START Task input

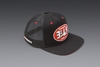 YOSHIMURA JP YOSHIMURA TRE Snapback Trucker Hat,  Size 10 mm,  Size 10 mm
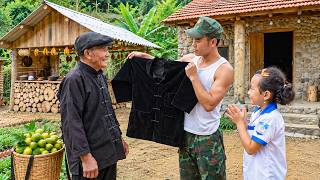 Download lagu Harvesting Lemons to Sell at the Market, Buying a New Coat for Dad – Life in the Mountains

END Task input
START Task input

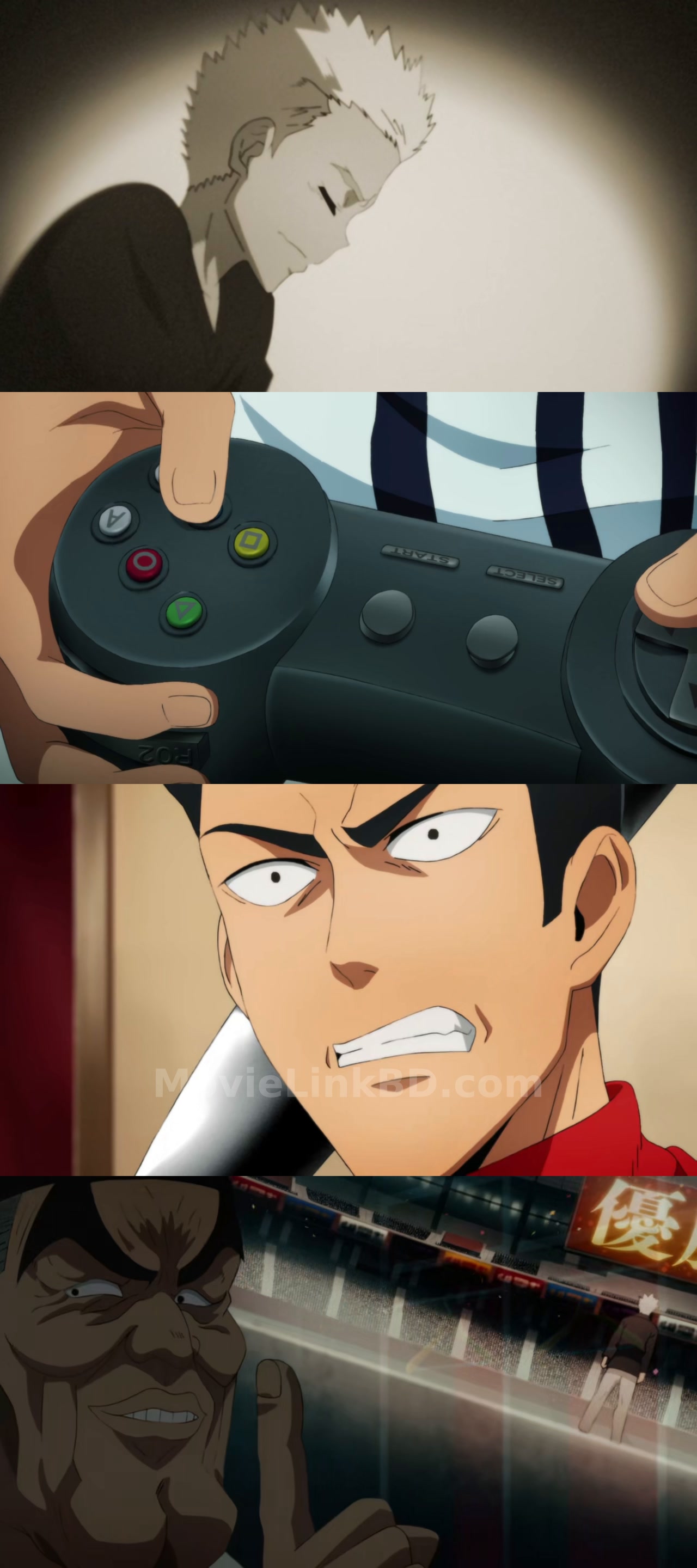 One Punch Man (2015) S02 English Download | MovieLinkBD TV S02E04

END Task input

## What is being asked
Using the entries above, write out exactly the lines from the one with "YOSHIMURA JP YOSHIMURA" through the one with "Download lagu Harvesting", ends included. Leave out any pictures.

## Response area
 YOSHIMURA JP YOSHIMURA TRE Snapback Trucker Hat,  Size 10 mm,  Size 10 mm
 Download lagu Harvesting Lemons to Sell at the Market, Buying a New Coat for Dad – Life in the Mountains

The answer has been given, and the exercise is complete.